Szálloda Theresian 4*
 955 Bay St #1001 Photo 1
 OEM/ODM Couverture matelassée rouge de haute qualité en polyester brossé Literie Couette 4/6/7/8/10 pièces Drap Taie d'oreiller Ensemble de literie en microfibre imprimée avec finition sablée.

++++++++++

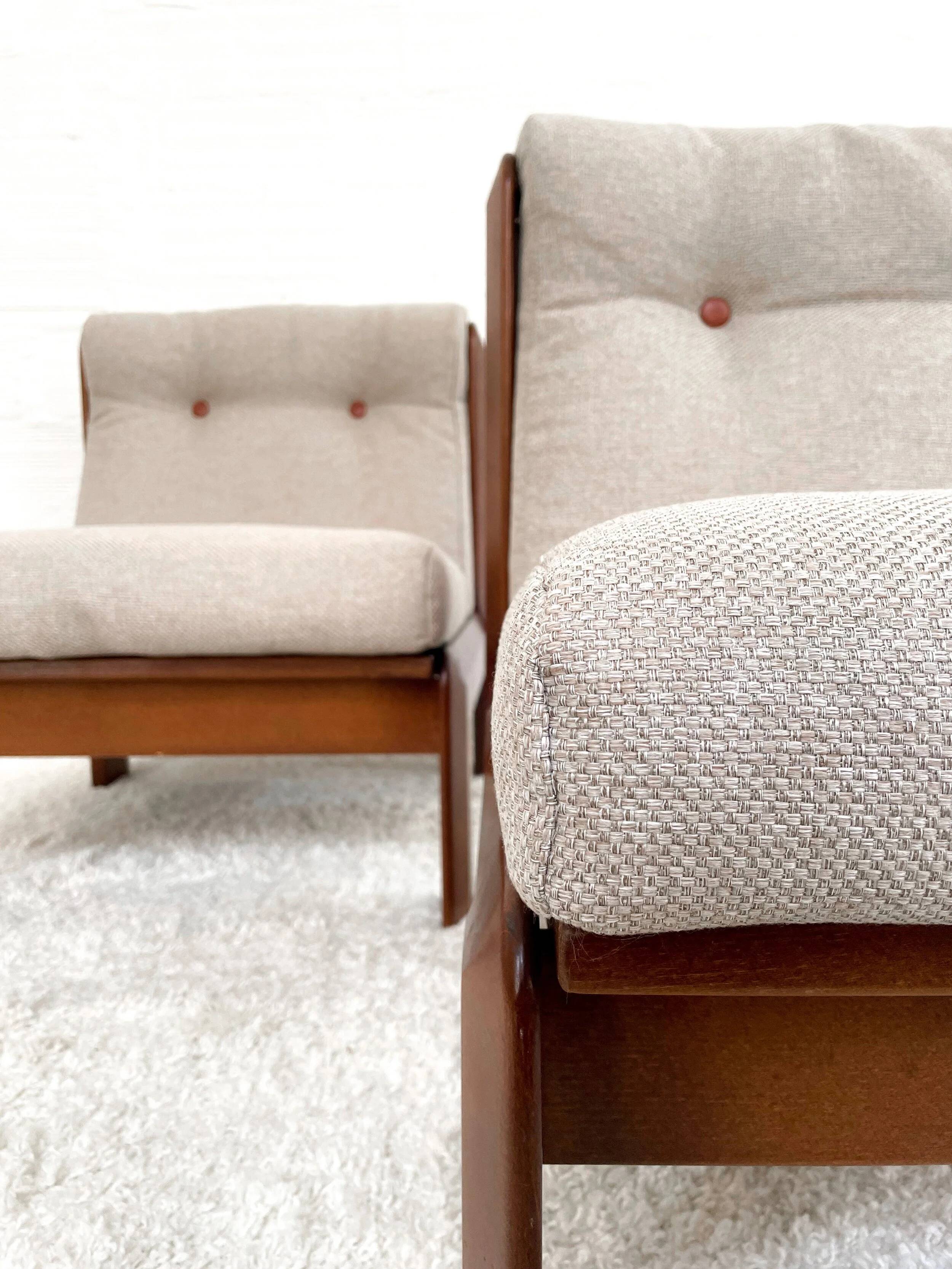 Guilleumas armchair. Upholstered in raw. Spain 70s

++++++++++

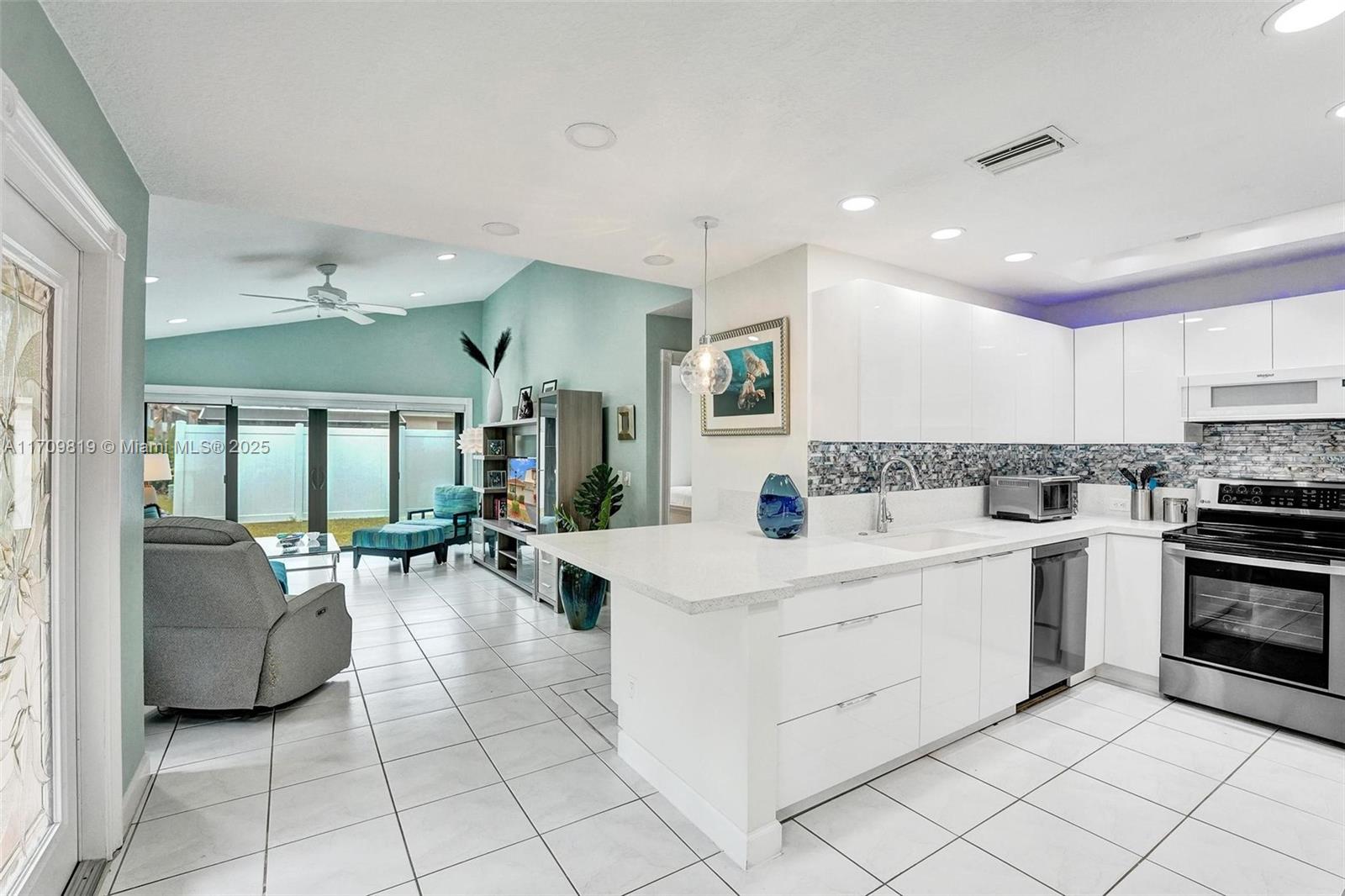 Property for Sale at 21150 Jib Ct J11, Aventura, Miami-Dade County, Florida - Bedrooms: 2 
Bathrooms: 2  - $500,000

++++++++++

REQUIRED WORK
Retype exactly the span of lines from the one with "Szálloda Theresian 4*" through the one with "OEM/ODM Couverture matelassée"; include both ends and omit the rest of the material.

SOLUTION TO THIS TASK
Szálloda Theresian 4*
 955 Bay St #1001 Photo 1
 OEM/ODM Couverture matelassée rouge de haute qualité en polyester brossé Literie Couette 4/6/7/8/10 pièces Drap Taie d'oreiller Ensemble de literie en microfibre imprimée avec finition sablée.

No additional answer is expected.